You can also join the "Smart Network Data Service" (SNDS) program, which can alert you in the future if you are re-listed and sometimes will provide additional information about why the IP has been listed.
Microsoft only provides delivery mitigation for large-volume senders. Small-volume senders (i.e. not spam senders) will not be provided delivery mitigation. That's from my personal experience anyway.
> You can also join the "Smart Network Data Service" (SNDS) program, which can alert you in the future if you are re-listed and sometimes will provide additional information about why the IP has been listed.
Unless you are a large-volume sender, you will not be able to get ANY information out of SNDS.
Depends who you are trying to send email to. There are email providers that use IP blacklist maintainers that require you to pay a fee to keep off their blacklist if you are not a big provider (eg. they blacklist all VPS hosting companies). This was the final straw that had me switch to using a provider for SMTP (not MX, I run it still).
I run my own small-company mail server with 10 high-use accounts (using Zimbra, but it's mostly dead, so looking for alternatives).
We lease small /29 blocks from OVH for our various services. Haven't had many issues in the past 5 years, except once when a user was hacked and spam was sent. 48h later things were back to normal.
I self hosted for myself and some clients for years. As long as you set up everything correctly it's fairly pain-free, but it's definitely worth getting on as many abuse notification lists as you can find - I wasn't doing anything remotely spam-related but still got blacklisted by hotmail twice and some other places a couple of times; as I remember it getting cleared was just a case of jumping through a few hoops, but I still needed to find out about the problem before my clients did, and find the hoops to jump through (which was never easy).
I found the main issue was maintenance. Once it was set up it didn't need too much poking, but I was still responsible for my own downtime and backup, and every few years I'd need to move it to a new server. I ran a secondary relay so at least migrating without downtime was relatively easy, but it was still a multi-day process while I moved configurations, rules and mail across, waited to trust DNS propagation etc. And in the back of my mind if someone didn't reply in a timely manner, I couldn't ever stop wondering if I'd missed a blacklist somewhere, or if a provider had just decided to spambin everything from my IP.
The other pain point was that as it was a necessary service rather than something that generated profit, I didn't want to put any serious time into improving things for myself. That meant I was using IMAP+Thunderbird with whatever shonky open source webmail-du-jour I'd set up on the server that year, combined with various shell scripts and notes in wikis about how to manage users, forwarding rules etc. It worked, but it was never easy, and was never slick.
After I took a job where we all used gmail, I got used to things being easy and slick, and decided to stop self-hosting and move my mail to dedicated mail providers (fastmail and sendgrid in my case, ymmv). Haven't looked back.
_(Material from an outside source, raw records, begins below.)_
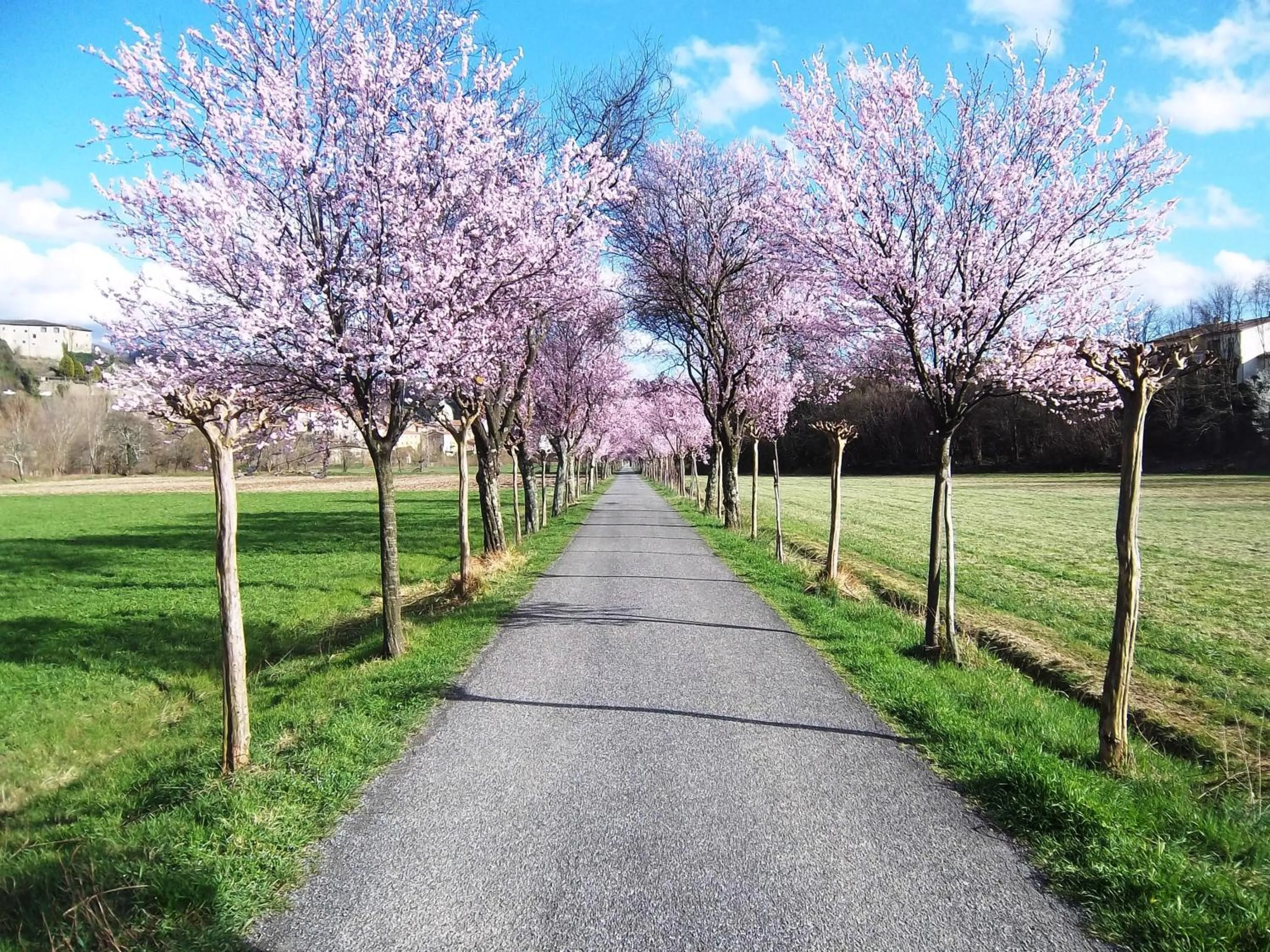 View (from property/room) in Ai Chiosi affittacamere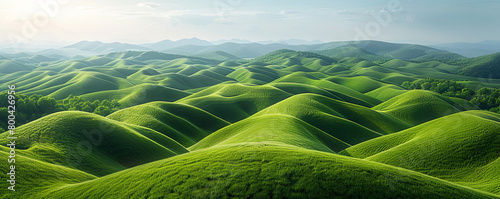 Expansive rolling hills covered in green, under clear blue skies, offer a sense of calm and space away from urban life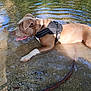 Akira participe au concours pour gagner de l'argent avec cette photo : dog, water, outdoor, river, harness, animal, pet, cooling_off, nature, sunlight, tongue_out, shallow_water, brown_dog, canine, recreation, summer, reflection, rocks, ripples, relaxation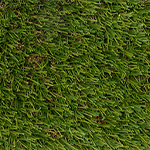 Field/Apple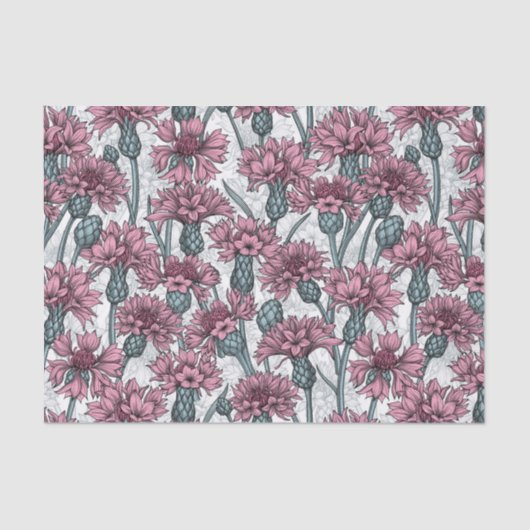 Papier Mousseline Fleurs de maïs roses, fleurs sauvages sur blanc (Recto)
Self hosting you mail is something I'd recommend doing once for fun to see how it all works, but unless you have a clear and definite reason to go it alone, it's definitely worth paying someone else to do it for you.
> As long as you set up everything correctly it's fairly pain-free
This is not true. Maybe you got it working for you (or maybe you never really measured your deliverability), but as a general advice that's just wrong. I've run my own email server for years and I've found it extremely difficult to get deliverability to Outlook and Gmail. You won't even get access to their deliverability debugging tools unless you send large volumes of email. Perversely, a small-volume sender is more likely to be classified as spam than a large-volume sender.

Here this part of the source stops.